Rethink Food is working to help restaurants stay open while feeding the communities hardest hit by the COVID-19 pandemic. The Brooklyn-based nonprofit, which recovers excess food from restaurants and grocery stores, launched several emergency programs to create jobs and distribute meals to people in need.
“We saw the restaurants around us folding left and right. That’s not only a major source of food for us, but it’s also our community,” Rethink Executive Director Megan Savage tells Food Tank.
The nonprofit’s new Restaurant Response Program provides 30 New York City restaurants with grants of up to US$40,000. The funding allows neighborhood eateries like Collective Fare to reopen their doors and create thousands of meals for underserved communities and workers on the frontlines of the pandemic.
With support from Rethink, Collective Fare is providing over 800 meals for the community daily. “It’s extremely important for us to work with restaurants along the entire spectrum,” Savage says. “We are not working with just mid- and high-level restaurants, it’s about the small mom and pop shops [keeping up] the culture and melting pot of New York.”
Collective Fare, a catering company which serves Afro-fusion cuisine in one of Brooklyn’s most impoverished neighborhoods, lost thousands of dollars in revenue to the pandemic.
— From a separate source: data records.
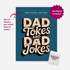 Navy Blue Greeting Card with 3D text " Dad Toked and Dad Jokes" with a slot to add a pre roll and a branded kushkards matchbook on a light grey background 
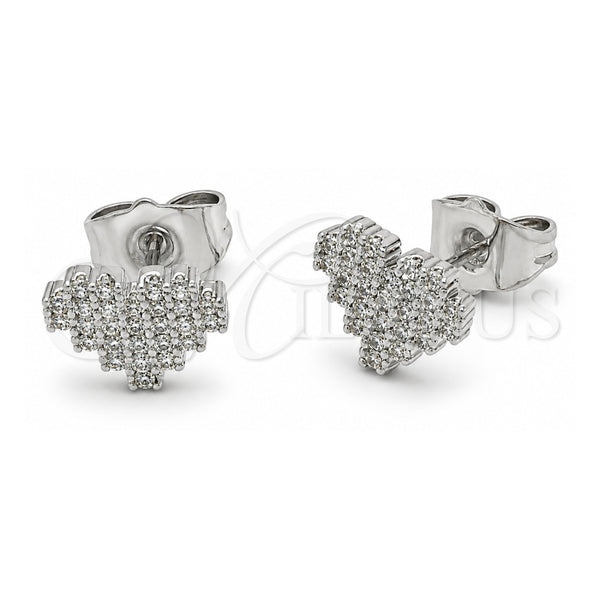 Arete Dormilona 02.310.0228 Oro Laminado Blanco, Diseño de Corazón, con Zirconia Cubica Blanca, Pulido, Rodinado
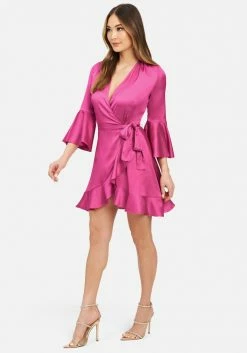 JUMP Flounce Satin Wrap Dress Clothing
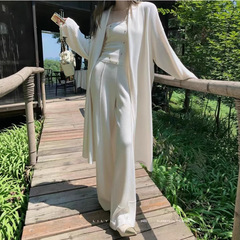 PH060大爱美依缘2025新款港风抹胸阔腿裤搭配中长款针织开衫套装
Although the company was unsure where to turn, they knew they wanted to help local residents. “Laying off our workers wasn’t an option, closing wasn’t an option, and abandoning the community wasn’t an option at all,” Collective Fare Co-Founder and Director of Operations LaToya Meaders tells Food Tank.
Another of Rethink’s programs, the Chinatown/LES Food Initiative, manages emergency food distribution in Chinatown, a Manhattan neighborhood hard hit by the pandemic. With only 15 percent of the area’s roughly 270 restaurants open, residents, especially the elderly, face economic hardship and limited food access. The new program uses donated specialty foods from local purveyors like South East Asia Market LLC (SEA) to prepare thousands of meals, which volunteers distribute door-to-door.
Meanwhile, at Rethink’s new donation-based cafe, a registered soup kitchen in Brooklyn, professional chefs prepare restaurant-quality meals for anyone in need. Visitors can also pick up staple grocery items such as dairy, eggs, bread, and fresh produce for a suggested donation of US$5. “It looks and feels like a cafe that anyone would want to come in and grab a meal,” Savage tells Food Tank. “We want to bring dignity back to those experiencing food insecurity.”
With help from Rethink, chef Daniel Humm launched a similar initiative at his Michelin Star restaurant, Eleven Madison Park, in Manhattan. Humm rehired his staff to transform the dining room into a commissary kitchen for Rethink. The chef and his team are turning out thousands of meals daily for frontline hospital workers and clients of Citymeals on Wheels.
While Rethink’s relief efforts currently focus on New York City, Savage and her team are seeking federal support to expand the program nationally. The nonprofit currently relies on donations and corporate partnerships to fund its operations. With funding from the Federal Emergency Management Agency (FEMA), Rethink aims to build a coalition of restaurants willing to adopt their model. “We’re looking for [restaurants] to live by and adhere to these sustainable practices and health protocols especially in times of crisis,” Savage tells Food Tank.
Although 40 percent of the nation’s food goes to waste, more than 37 million Americans are still food insecure. Rethink hopes to address this disparity by changing the perception of waste, one rescued meal at a time. Since March, the nonprofit has recovered nearly 300 thousand kilograms of food and served roughly half a million meals.
“COVID-19 is shedding light on the flaws in our food system,” says Savage. “There’s enough to feed everyone, but the system is broken. It’s up to us to fix it and there’s no better time than now to get it right.”